# Transactional version of the quantitative theory of I. Fisher - Economic theory

## Transactional version of I. Fisher's quantitative theory

The quantitative theory of money organically fit into the classical model of reproduction, which was based on the fact that, in conditions of perfect competition and full elasticity of prices in all markets, the system automatically, or external interference comes to equilibrium with the full use of all productive resources. This denied the possibility of general overproduction of goods, chronic unemployment, etc. The emergence and wide dissemination of the marginal utility theory in the last quarter of the 19th and beginning of the 20th century. did not touch on established schemes in the field of money theory. On the contrary, the quantitative theory received a new impetus thanks to the work of the American economist Irving Fisher (1867-1947), where the main postulates of the theory were clad in a rigorous mathematical form suitable for statistical analysis, and the work of economists at the Cambridge School, where great attention was paid to the factors of accumulation of money from economic subjects.

The transactional version of the quantitative theory of Fisher is based on a twofold expression of the amount of commodity exchange transactions: as the product of the mass of payment means and the speed of their circulation and how the product of the price level is the quantity of goods sold. The relationship of these quantities was expressed by the so-called exchange equation:

where M - the amount of money in circulation during a certain period (for example, a year); V - speed of money; P - the price level, Q - the volume of output in real terms.

The elementary event that underlies the formula is the commodity exchange transaction (transaction, with which the name of the Fisher version is associated).

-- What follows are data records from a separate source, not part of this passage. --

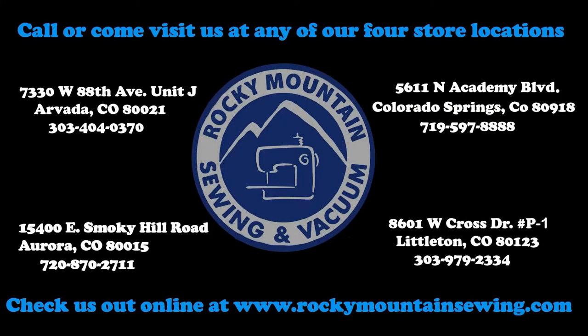Like us on Facebook, subscribe to us on YouTube, and thank you for joining me on this This or That Thursday. Thank you.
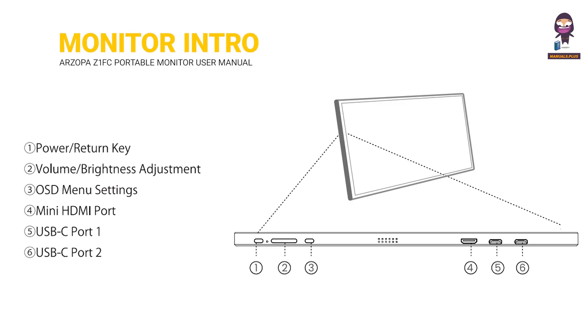Monitor introduction. One: power return key. Two: volume and brightness adjustment. Three: OSD menu settings. Four: mini HDMI port. Five: USB-C port one. Six: USB-C port two.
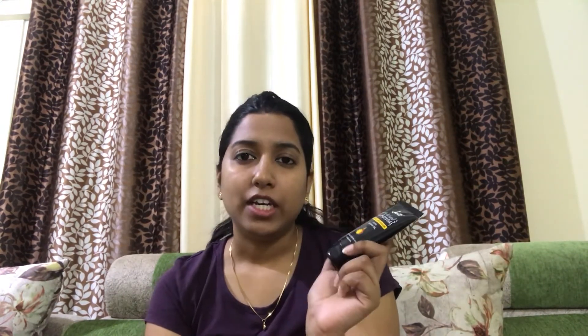Let's quickly start with the review of this product. This also contains vitamin E, licorice extract, and aloe vera. These are all ingredients that help in brightening and lightening your skin tone. It also helps in reducing the oil production from your face.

In the right side of the equation, the sum of the prices of all goods participating in transactions (the nominal volume of the issue) appears; in the left they are confronted by the sum of money in circulation. Based on a number of assumptions, Fisher derived the following causal relationships from this formula. He believed that the price level changes:

a) is directly proportional to the amount of money in circulation;

b) directly proportional to the velocity of money;

c) inversely proportional to the volume of trade carried out with the help of this money.

The first of these relations expresses the central idea of ​​a quantitative theory. The proportional impact of the change in the amount of money on prices is found, according to Fisher, only in the long term. As for short-term periods, the influence of money can be significantly distorted under the influence of cyclical changes in the conjuncture. During these transition periods, the laws of the quantitative theory may not work.

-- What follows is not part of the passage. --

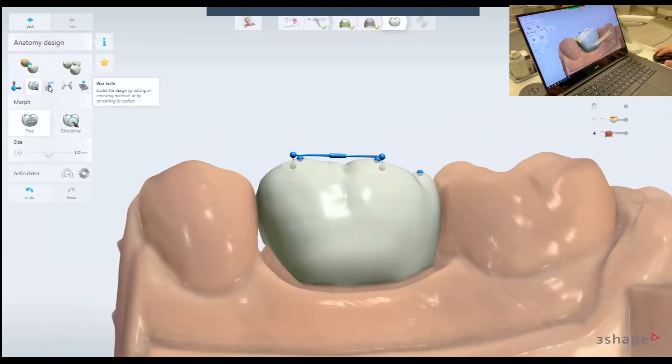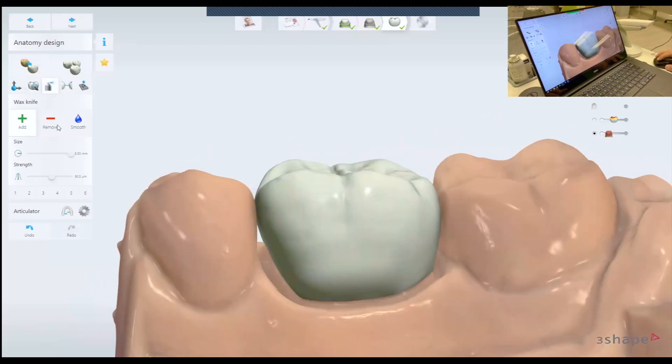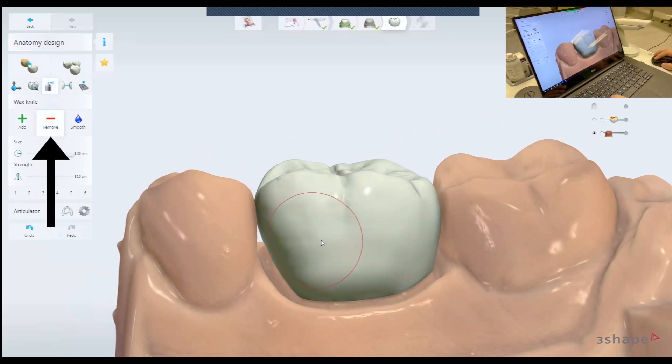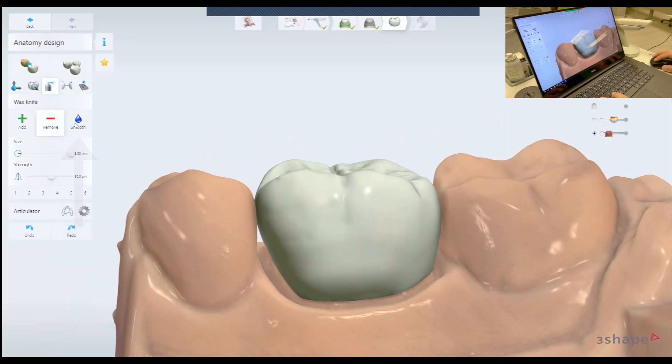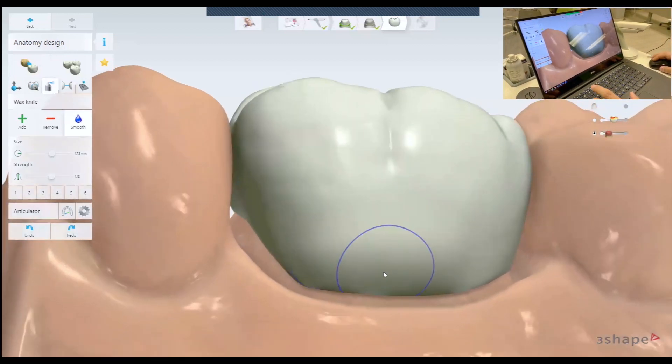The next tool is the wax knife. The wax knife is a sculpting tool. There is the add feature, there is the remove, and there is the smooth. Usually I would use the smooth to smoothen the contours here.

In analyzing the exchange equation, Fisher paid much attention to switching off factors (2 and K assuming their constancy in the short run), he argued that in the long run the volume of production is determined by technical and economic conditions (division of labor, technology, capital accumulation, geography of various natural resources), the infrastructure that determines the peculiarities of communication between producers and consumers (transport, communications, development of the credit system), changes in the nature of needs, etc. These factors change relative about slowly, for decades, and therefore, Fischer believed, their influence can be abstracted without large errors for analysis.Fisher's production is always at the maximum point.As regards transitional periods, they are excluded from consideration as atypical. prerequisites, the potential impact of money can, of course, manifest itself only in price changes, while production is determined by real factors, and the state of the monetary sphere does not influence it. An important role was played also by the interpretation of the velocity of money, which Fisher has determined by the slowly changing institutional structure of turnover, payment practices, etc. Based on the stability of payment practices, Fisher argued that the average time spent on money in the same hands is very accurately determined and that doubling the amount of money would leave the rate almost unchanged. Studies of this issue in the XX century. showed that the speed of money circulation can change significantly, reacting to sharp jumps in the money supply, especially during periods of destructive inflation. At the time of the release of Fisher's book, this was not obvious.

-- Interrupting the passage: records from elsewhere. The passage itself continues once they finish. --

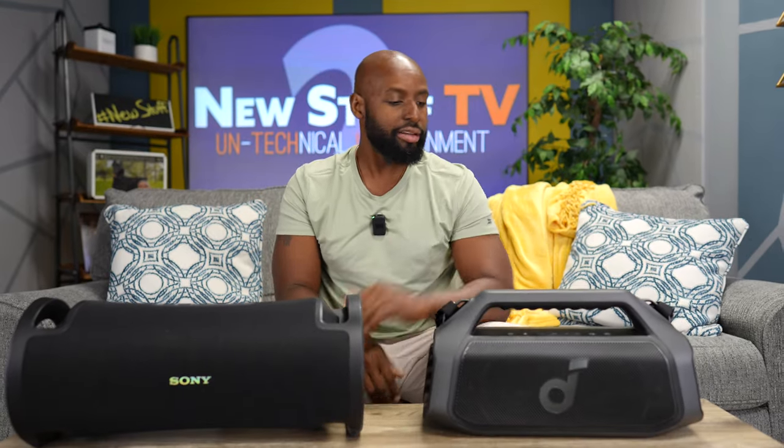What's a big factor for you if you're going to choose between two speakers like this — is it strap, carrying, looks? I think the handle, really. I like the handle of the Soundcore better. It's traditional — it's what we're used to as humans. The Sony's handle design is new and something you got to get used to. I like it because I've grabbed this thing in all kinds of ways, but you can't pass up the opportunity of a traditional handle.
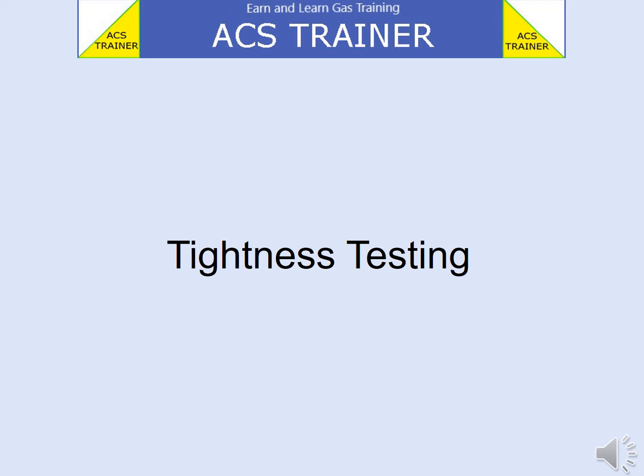Hello and welcome to ACS Trainer Tightness Testing.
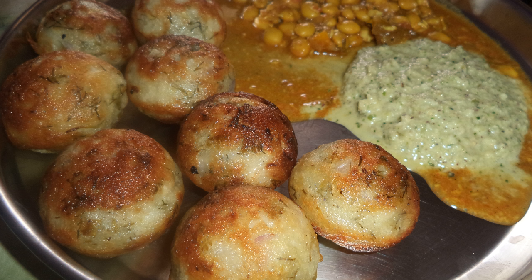Kuzhi Paniyarum, also known as Padu, Juliapa, Yeriyapa in Kannada, or Gupta Panganalu, is an Indian dish made by steaming batter using a mold. The batter is made of black lentils and rice and is similar in composition to the batter used to make idli and dosa.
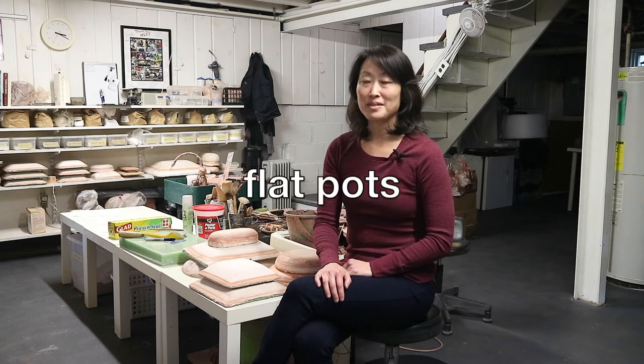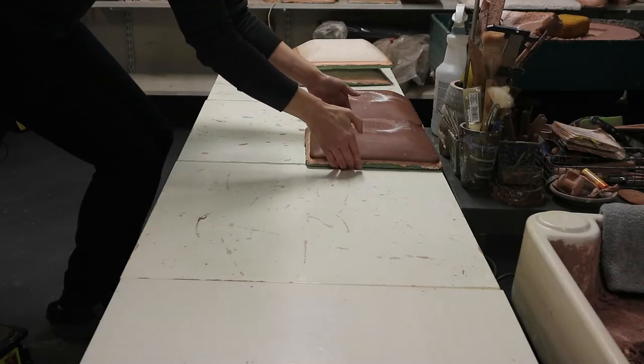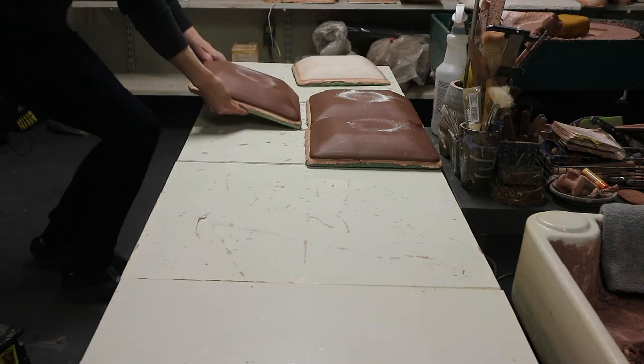The truth is, I make a lot of hand built pots too. In particular, I use hand building to make most of my flat pots — meaning plates, trays, and platters. There are videos here that show you how to make flat pots on a wheel, but hand building makes these pots faster, easier, more consistent, and it uses a lot less clay.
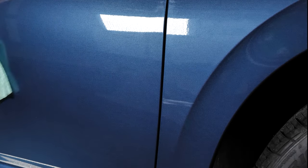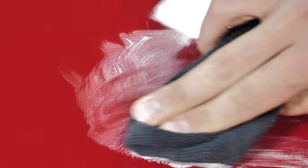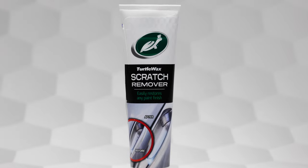The Clear Coat Safe formula is also gentle enough not to leave behind any micro scratching or swirls, thanks to its easy application and removal. It's safe to use on all clear coats and metallic surfaces. Turtle Wax Scratch Remover is the perfect tool for your lighter restoration jobs, preparing troublesome surfaces for a brilliantly clear, like-new appearance.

Fischer also excluded any possibility of the reverse effect of the total amount of transactions (P (2)) on the money part of the exchange equation.He wrote: "The price level usually serves as the only passive element of the exchange equation.It is controlled solely by other elements and the causes that cause them , but does not control them. "The arbitrariness of such an assumption is obvious: in real production conditions, a change in the price level and, accordingly, the amount of commodity exchange transactions, undoubtedly affects the need for payment facilities and, accordingly, "Fisher, however, absolutized the unidirectional influence line" money-prices. "Modern monetarists, while supporting the concept of the neutrality of money to describe the long-term relationships between money supply dynamics and price level, still recognize the impact of money supply on real values, but only in the short term period (within the business cycle).